|
Medium impact
Super easy

Optimize Robots.txt

Robots.txt is a plain text file at the root of your domain that tells search engine crawlers which pages they can and can't access. It's one of the most powerful technical SEO controls on your site — and one of the easiest to get wrong.

A misconfigured robots.txt file can block Google from crawling your entire site without any warning. It won't throw an error you'll see in your browser. Your site will look completely normal while Google sits outside the gate unable to read any of it. This has happened to large companies before a major launch. It's a genuinely dangerous mistake.

Webflow generates a default robots.txt automatically at https://yourdomain.com/robots.txt. The default typically allows all crawlers and references your sitemap URL. For most Webflow sites, the default is fine. Where you need to make changes: if you have staging pages, admin areas, or thank you pages that shouldn't be indexed, you can add Disallow rules for those paths.

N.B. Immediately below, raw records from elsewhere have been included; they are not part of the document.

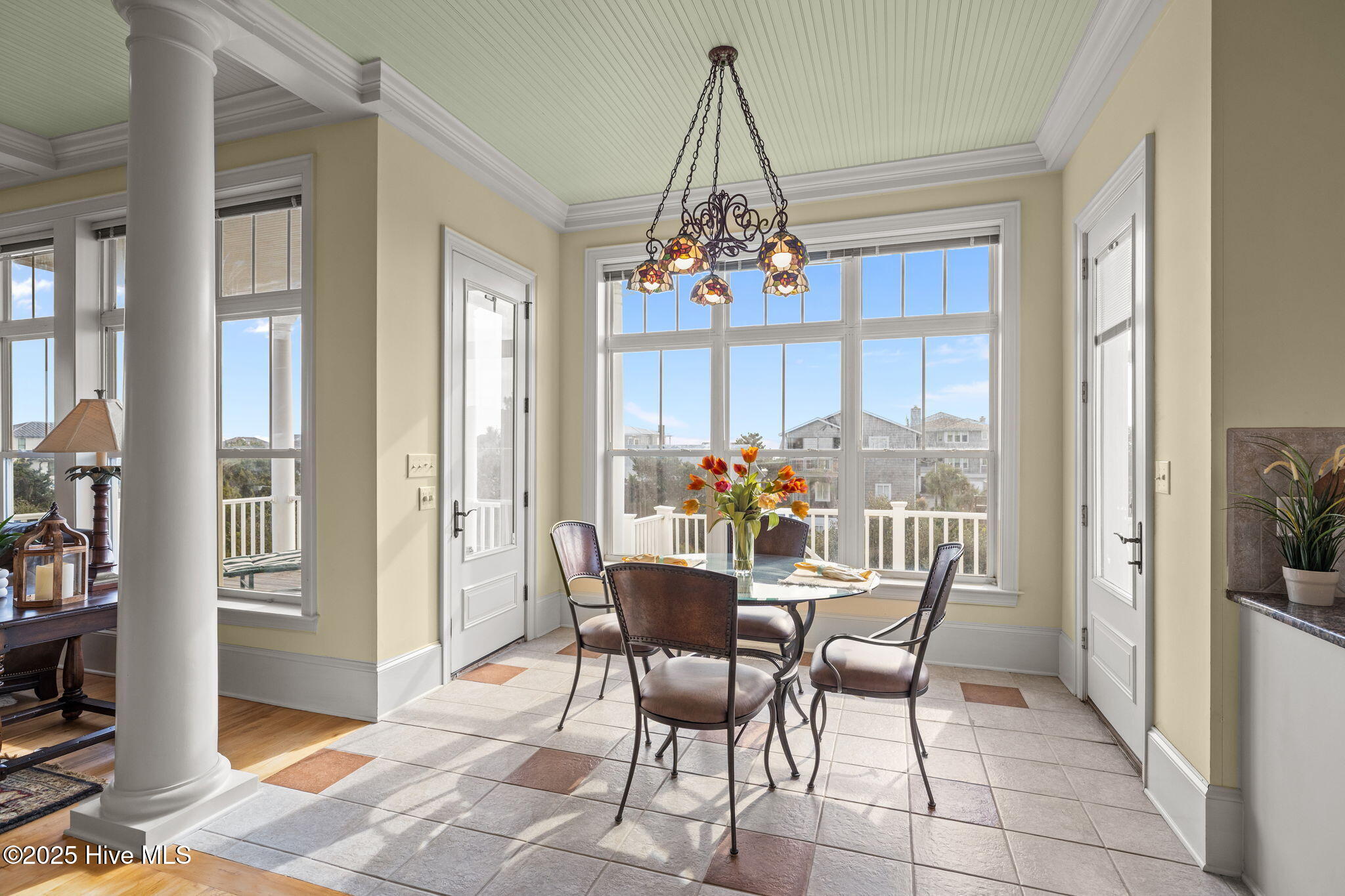 1101 West Fort Macon Road Atlantic Beach, NC 28512 - Photo 9 of 60 Breakfast room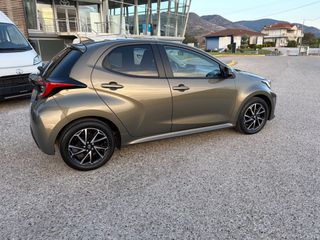 Toyota Yaris 2024 1.5P STYLE 31.631ΧΛΜ! ΑΡΙΣΤΟ!-thumb-8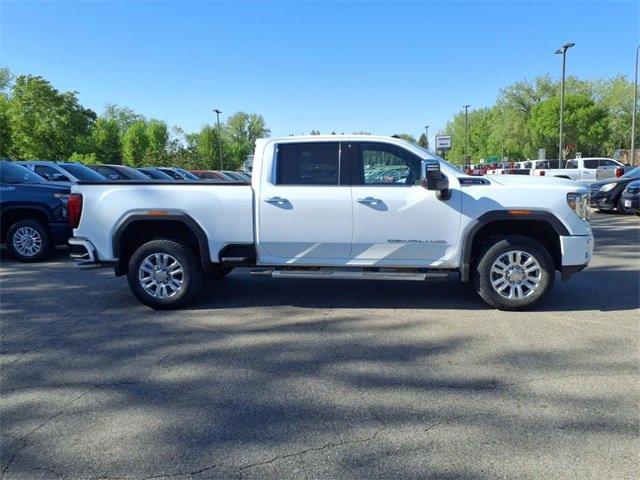 Used 2020 GMC Sierra 3500 Denali w/ Technology Package image 2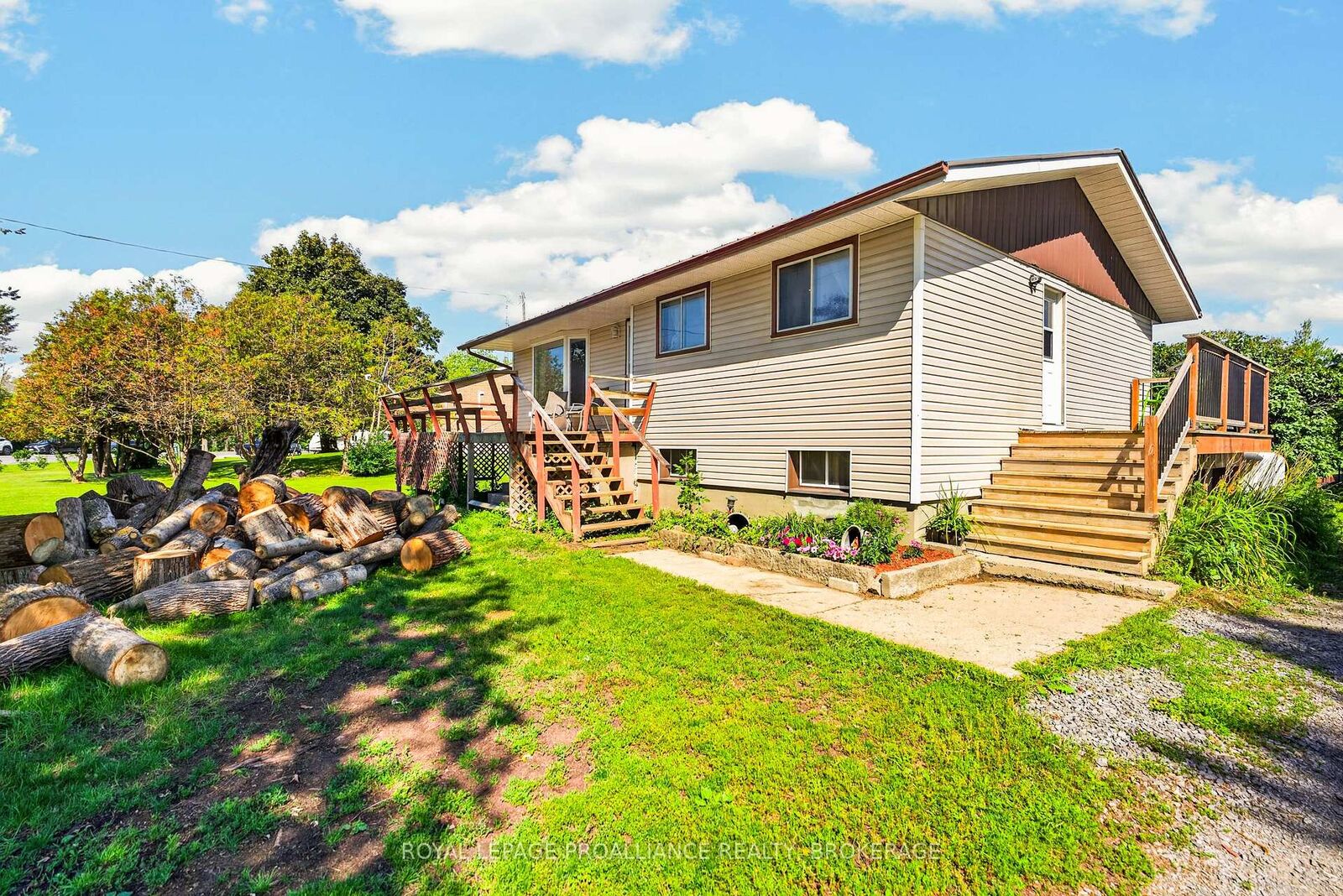 Property Photo: 3670 Smith Road ON K7P 2Y7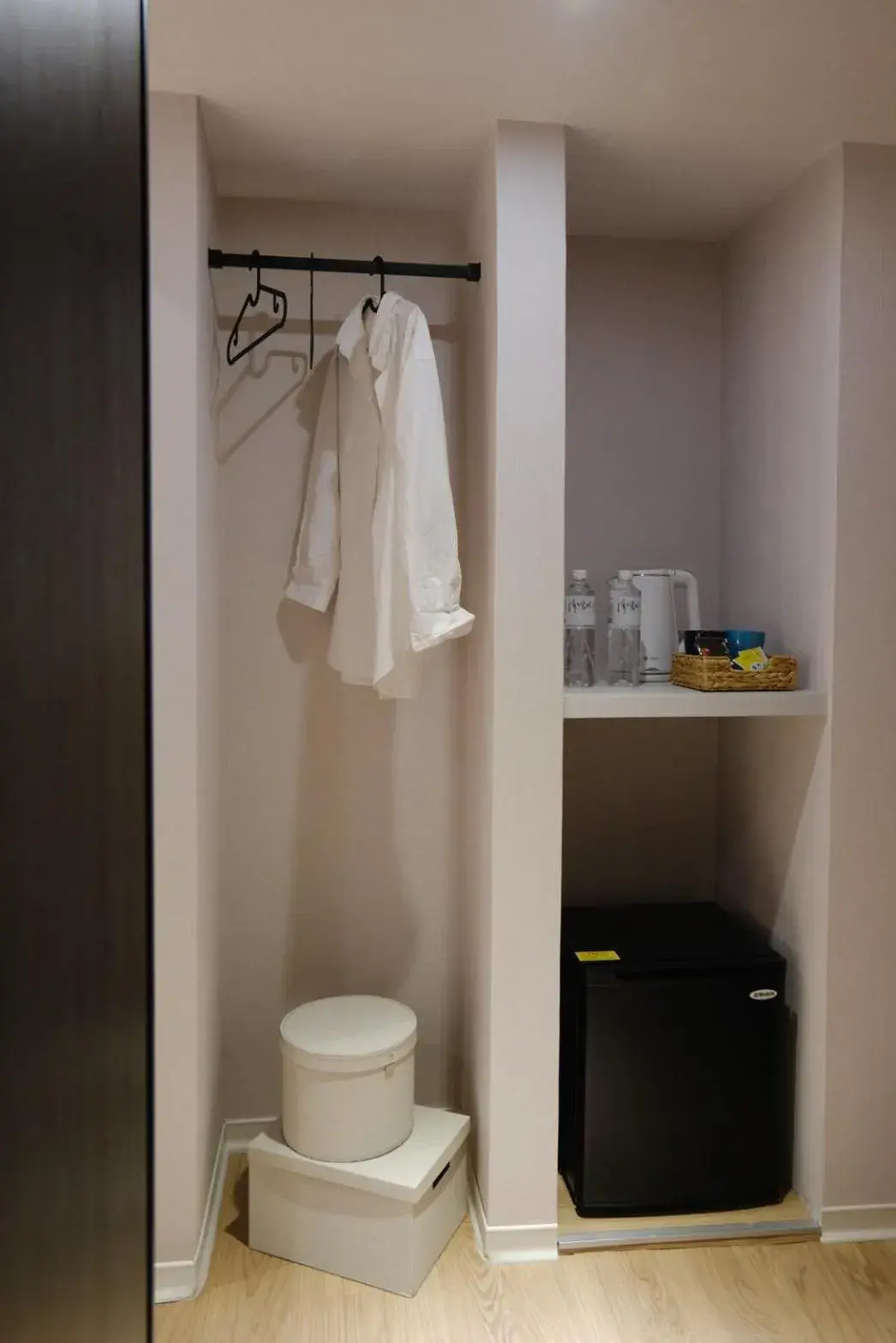 wardrobe in Giant Rich Hotel wardrobe in Giant Rich Hotel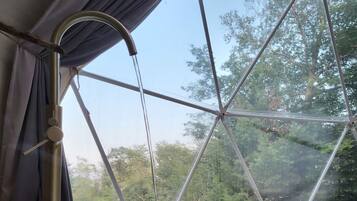 Milieuvriendelijke toiletartikelen, een haardroger, handdoeken, zeep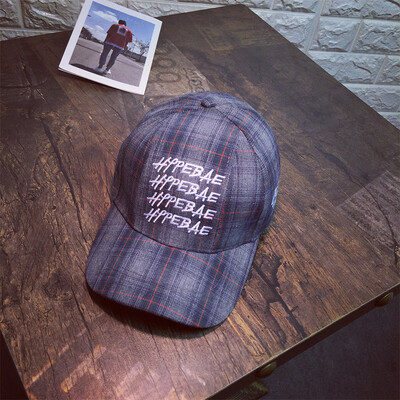 

Koreas Harajuku letter embroidered plaid baseball cap casual British wind hundred mens&womens cap scapuceic sun hat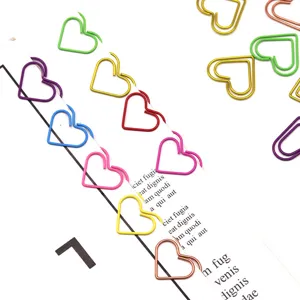 Detalle de clips de papel coloridos en forma de corazón, marcapáginas de metal para oficina.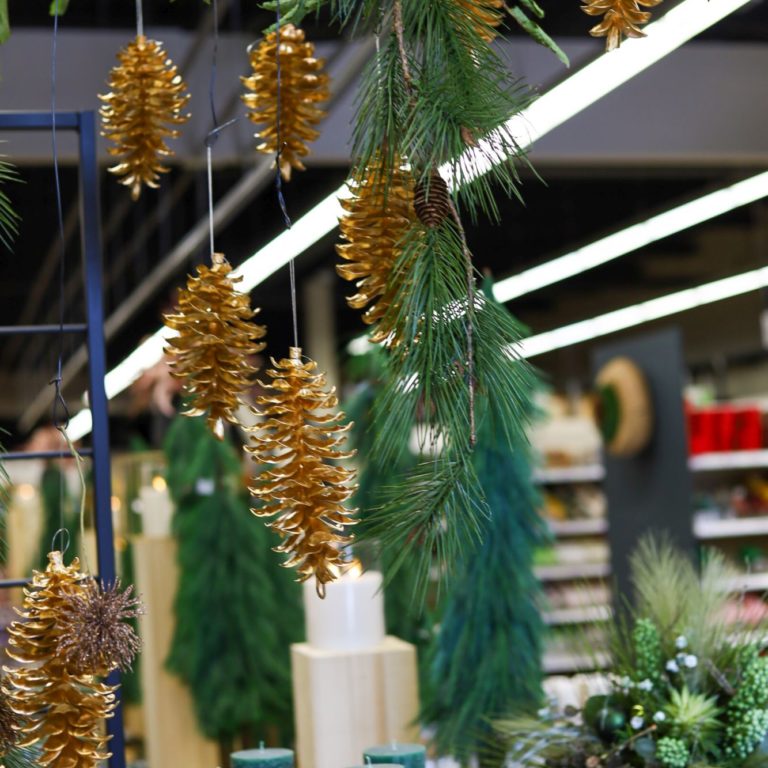 Vosteen • Floristenbedarf • Tropical Christmas: Review of Creativ in-house exhibition in September 2022 11 creativ-hausmesse-september-2022_impressionen-62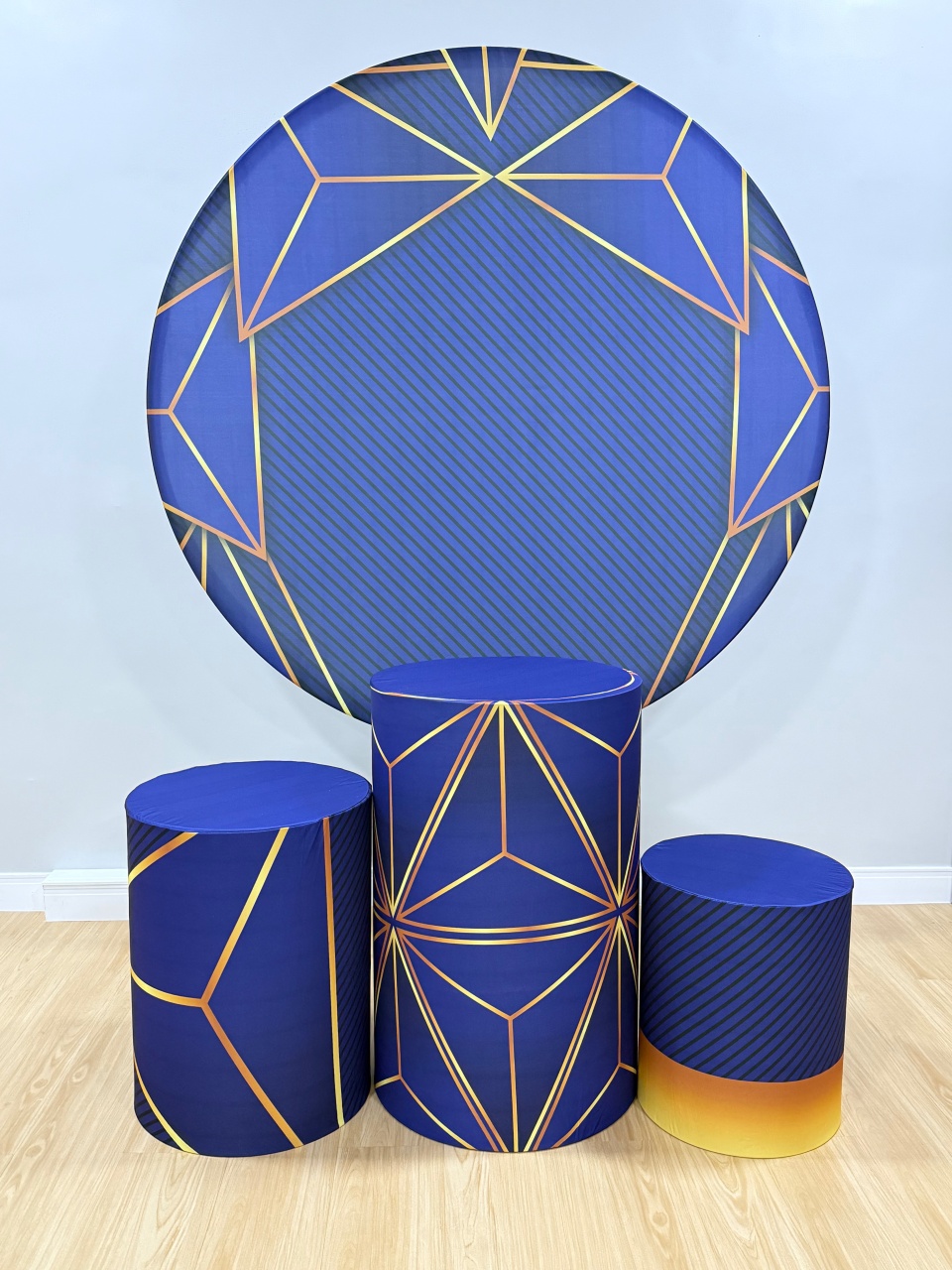 Kit Sublimado Capa Painel Redondo E Capas de Cilindros Geométrico Azul Escuro C/ Dourado - Selminha Lokfest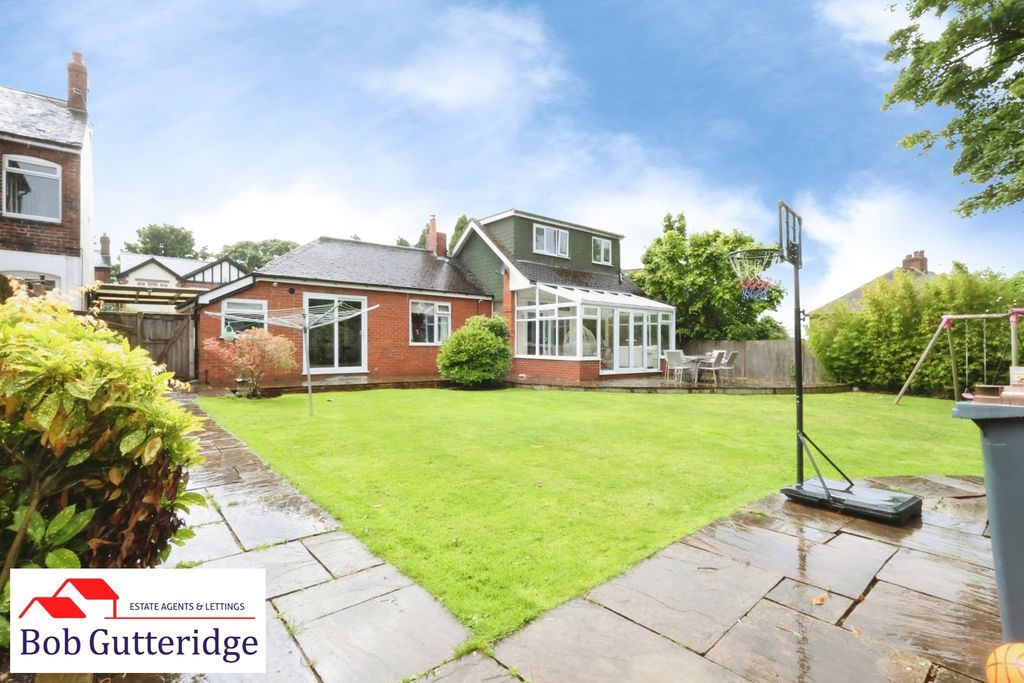 Property photo 2 of 35 Enclosed Rear Garden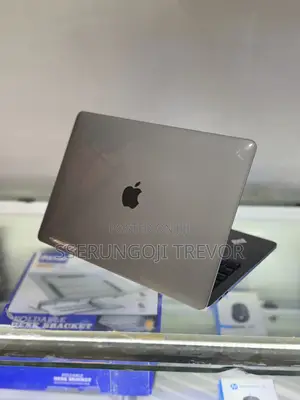 Laptop Apple MacBook Pro 16GB Intel Core i7 SSD 512GB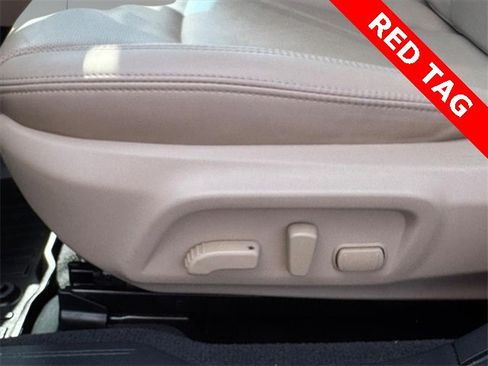 Used 2018 Subaru Outback 2.5i Limited image 13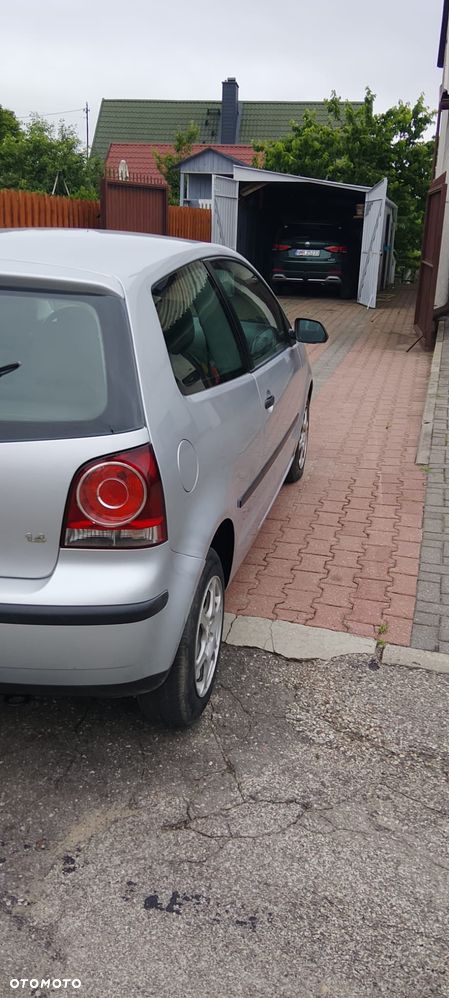 Volkswagen Polo 1.4 Tour - 5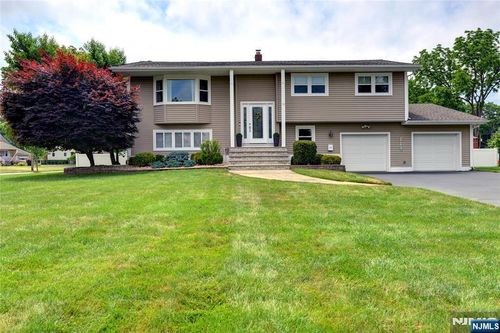 19 Reynolds Rd, Pequannock, NJ, 07440-1716 | Card Image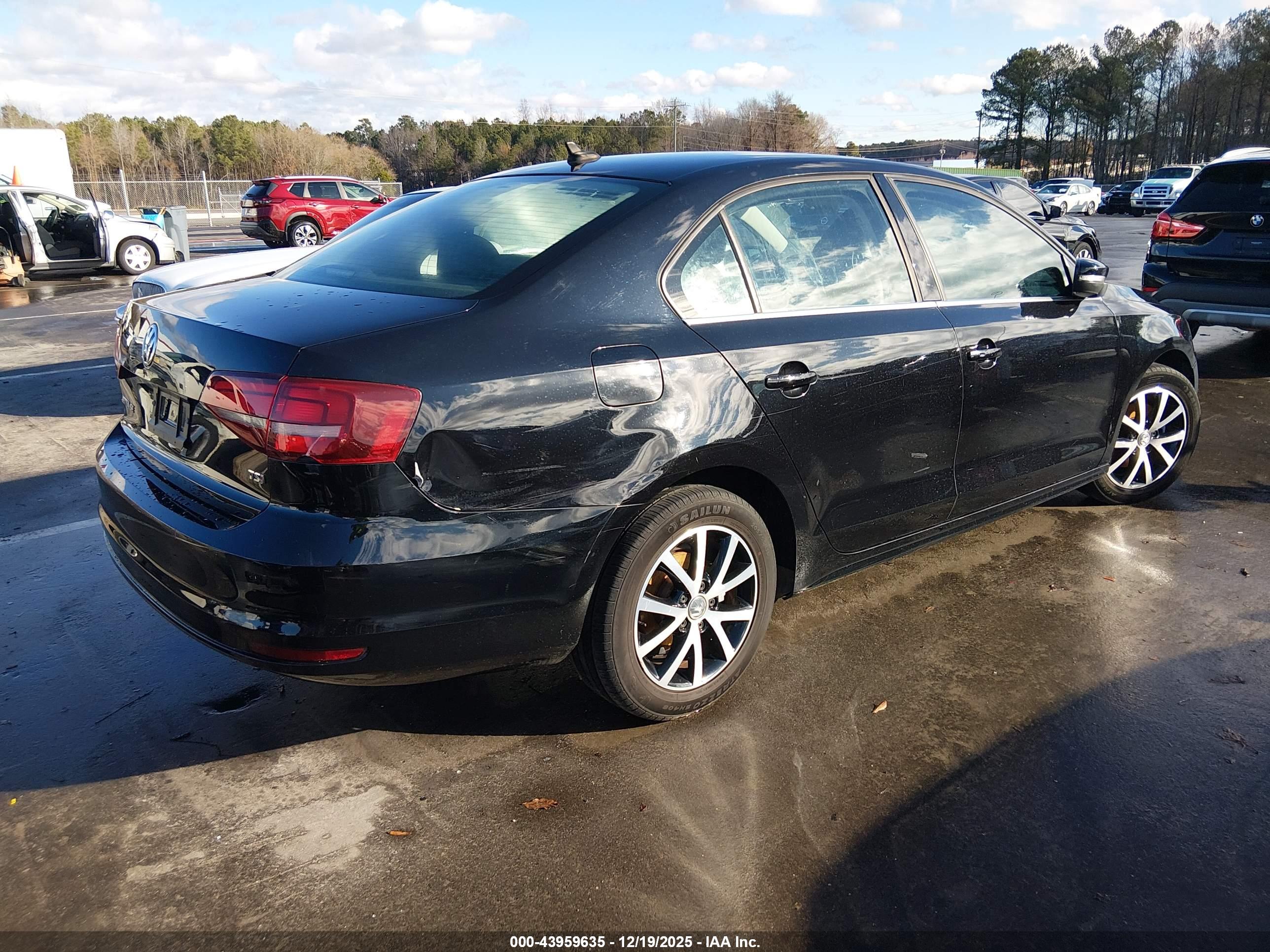VOLKSWAGEN JETTA image 4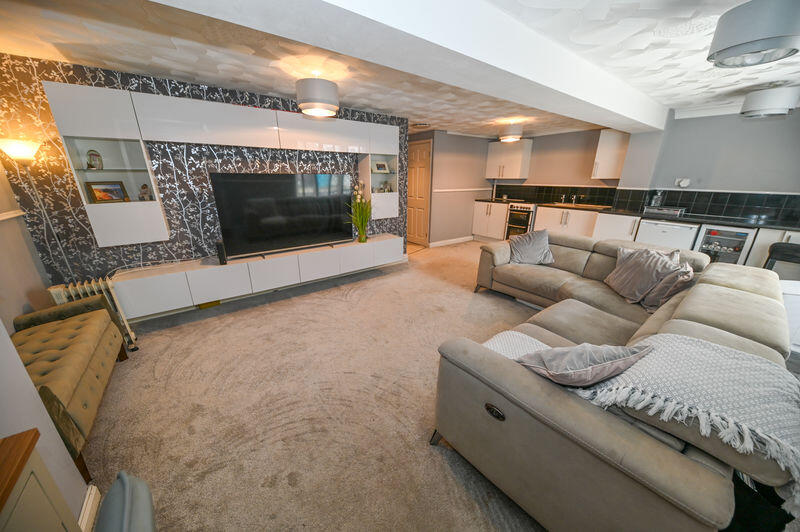 Hawkley Close, Havant photo 3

What a basic robots.txt looks like:

User-agent: *Allow: /Sitemap: https://yourdomain.com/sitemap.xml

The User-agent: * applies the rule to all crawlers. Allow: / permits access to everything. Add Disallow: /thank-you to block a specific path. Never use robots.txt to block pages you want to keep private — it's publicly readable. Use noindex tags instead for genuinely private content.

To customize robots.txt in Webflow: go to Site Settings → SEO → Robots.txt. Edit the content there. Webflow will serve whatever you put in that field at your domain's /robots.txt path.

After launch, open https://yourdomain.com/robots.txt and read it. Then use the robots.txt tester in Google Search Console (under Settings → Crawling → Open robots.txt tester) to confirm that Google can access the pages you want it to. Run this check whenever you modify the robots.txt file.